A Creationist Perspective



Chad Arment (2021)



Mutualism refers to any ecological interaction between two (or more) different species in which all attain a benefit. The relationship can be facultative (beneficial, but not necessary for survival) or obligate (necessary for survival). Within a mutual relationship, it may even be facultative for one species, and obligate for the other. Another way to categorize these relationships is to determine whether a species is providing a service to or offering a resource for the other species. Within yucca moth—yucca plant mutualism, for example, the yucca moth provides a service (pollination) while the yucca plant provides a resource (seeds in which the yucca moth’s eggs grow).



a bad argument



Some years ago, a guest speaker at my local creation science group spoke about what he considered evidence for direct design in nature: a form of mutualism, obligate pollination between the vanilla orchid and the small vanilla orchid bee (Melipona sp.). The orchid’s morphology includes a flap (the rostellum) between the stigma and anther which supposedly kept other insects from pollinating these flowers. This speaker argued that if the bee and the vanilla orchid were not created together, at the same time, the vanilla orchid would never have survived.

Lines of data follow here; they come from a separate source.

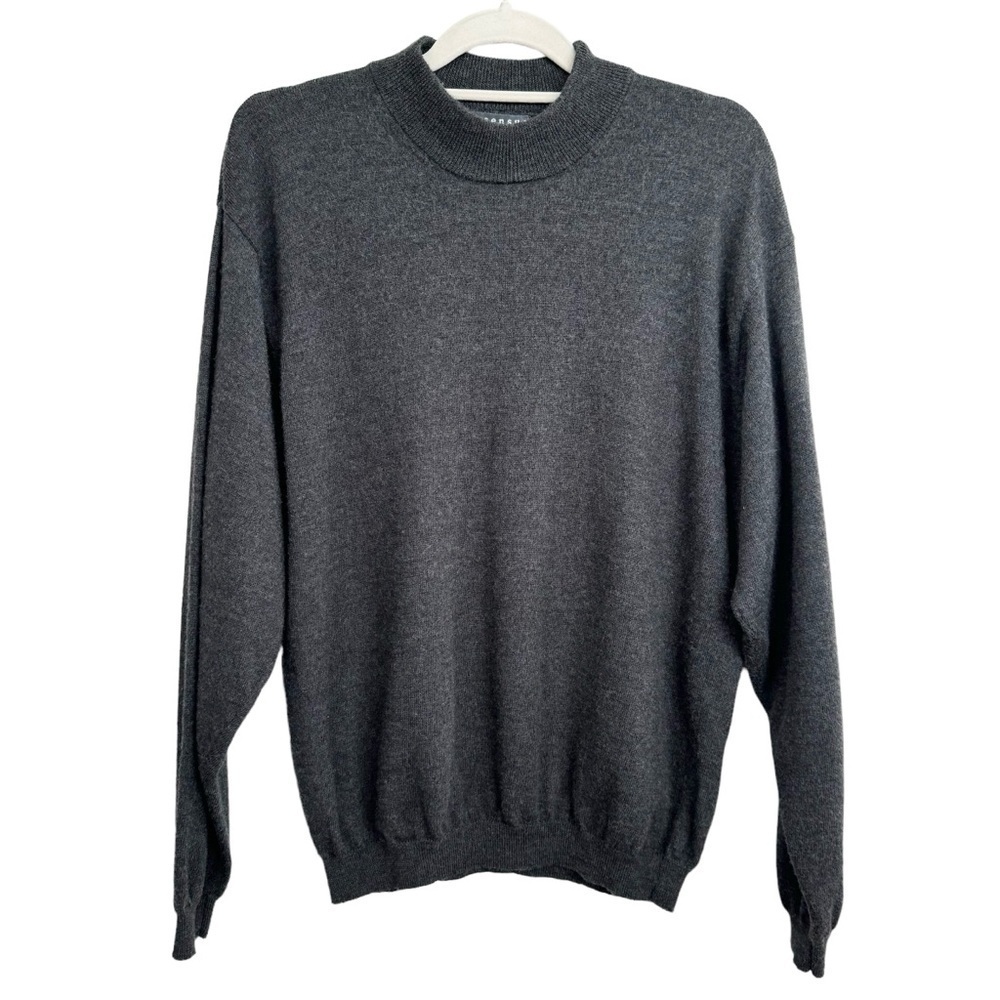 Consensus 100% extra fine merino wool Men’s Sweater Dark gray Large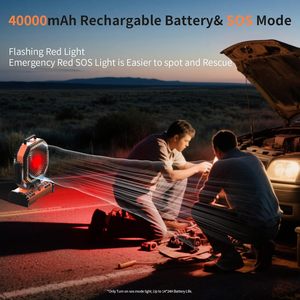 Ventilateur de camping électrique portable léger de 12 pouces, batterie rechargeable de 40 000 mAh, lumière LED, mode <span class=keywords><strong>SOS</strong></span>, oscillation automatique, sans balais - Product Image 5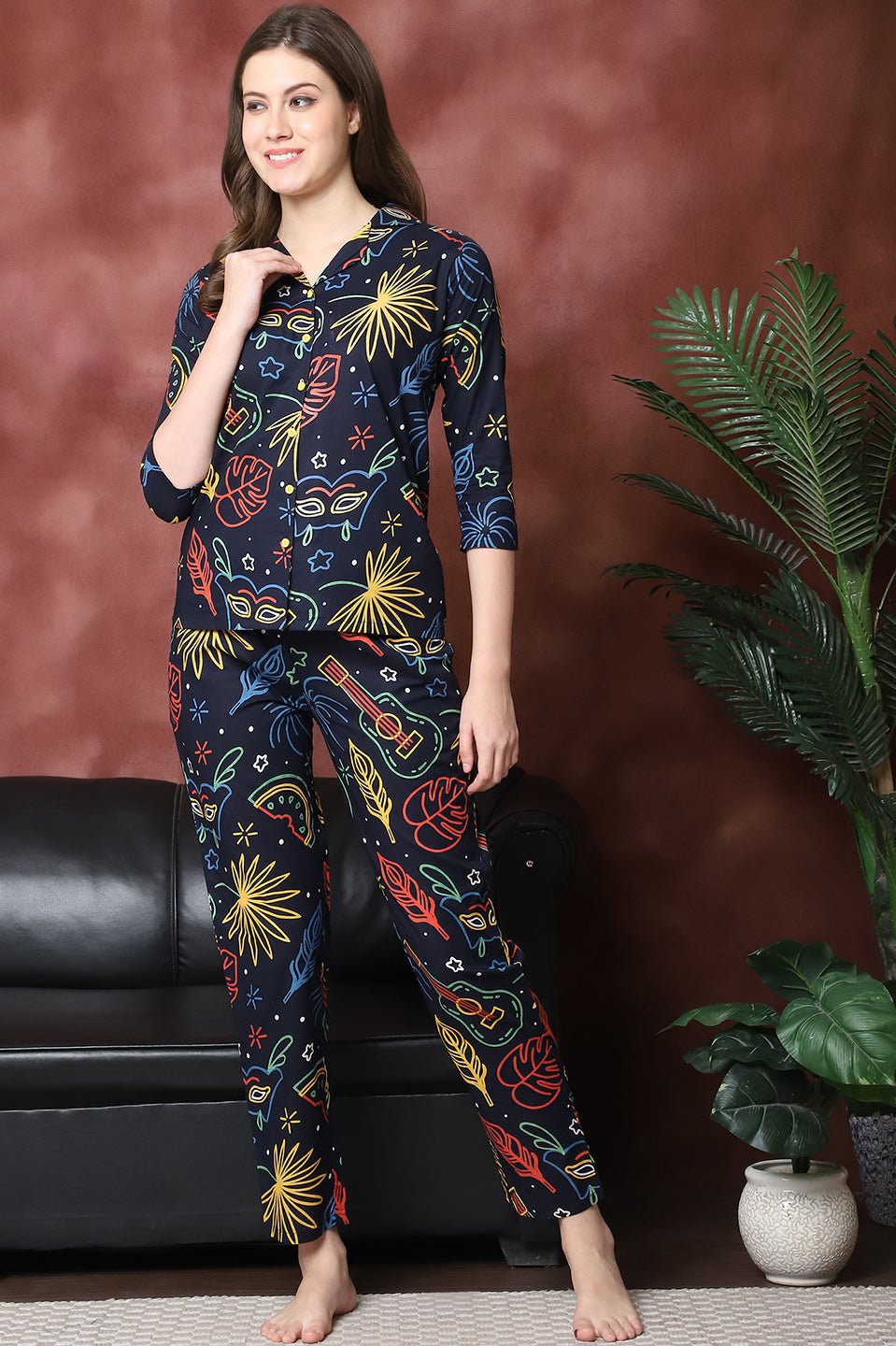 Navy Color Abstract Printed  Pure Cotton Night Suit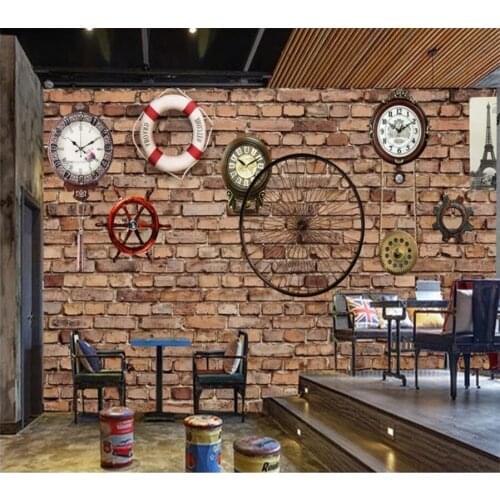 Custom wallpaper 3d photo mural brick wall retro mechanical clocks cafe bar tooling wall living room bedroom murals 3d wallpaper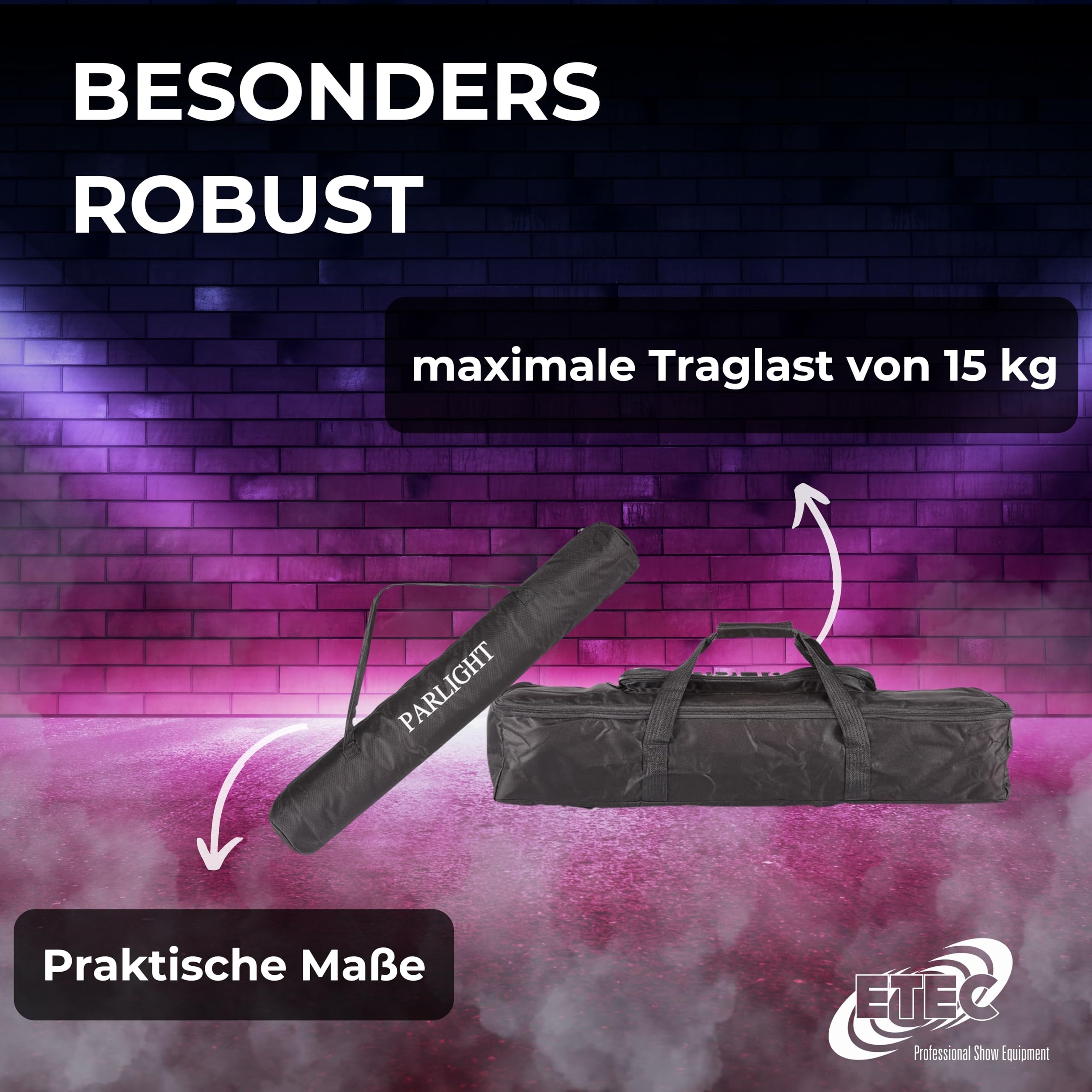 ETEC Professional Softcase Transporttasche für LED Partybar und Stativ – Veranstaltung Bühnenbeleuchtung Party Disco Show DJ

This type of argument leads creationists into logical mires. There are numerous problems here. The story itself is flawed, as there is evidence that the bee species that pollinates the vanilla orchid in the wild is actually one of the larger euglossine bees (Ackerman 1983). Melipona is likely too small to be an effective pollinator.


Second, the vanilla orchid with which we are concerned is Vanilla planifolia, the flat-leaved vanilla. This is one of about 110 species in the Vanilla genus, found in tropical areas around the world. Did God create 110 individual species of Vanilla at Creation, each of which have survived to the present day? Obviously not. Biblical creationists know that plants and animals were created to diversify. The Biblical grouping that includes each original created organism (however many of each were created during the Creation week) and their descendants is known as a ‘kind.’ Vanilla orchids are likely just one branch of the orchid kind. If the Family Orchidaceae represents a holobaramin (basically, the entire kind), then vanilla orchids may not even have been present in the Creation week. Evolutionists put the vanilla orchid relatively early in the evolutionary history of orchids (60-70 mya), but that is based on molecular clock methodologies rather than fossil evidence (Ramírez et al, 2007). So, Vanilla as a genus may have been pre-Flood (possibly a post-Creation, pre-Flood diversification) or it may have been a post-Flood development within the orchid kind.


So, as an example of an obligatory pollination relationship, Vanilla doesn’t work well. Beyond that, the argument that obligate mutualism necessitates a Creation Week-based ecological relationship is flawed. Let’s look at other species, yuccas and yucca moths, for a better understanding of mutualism and (particularly) obligatory mutualism.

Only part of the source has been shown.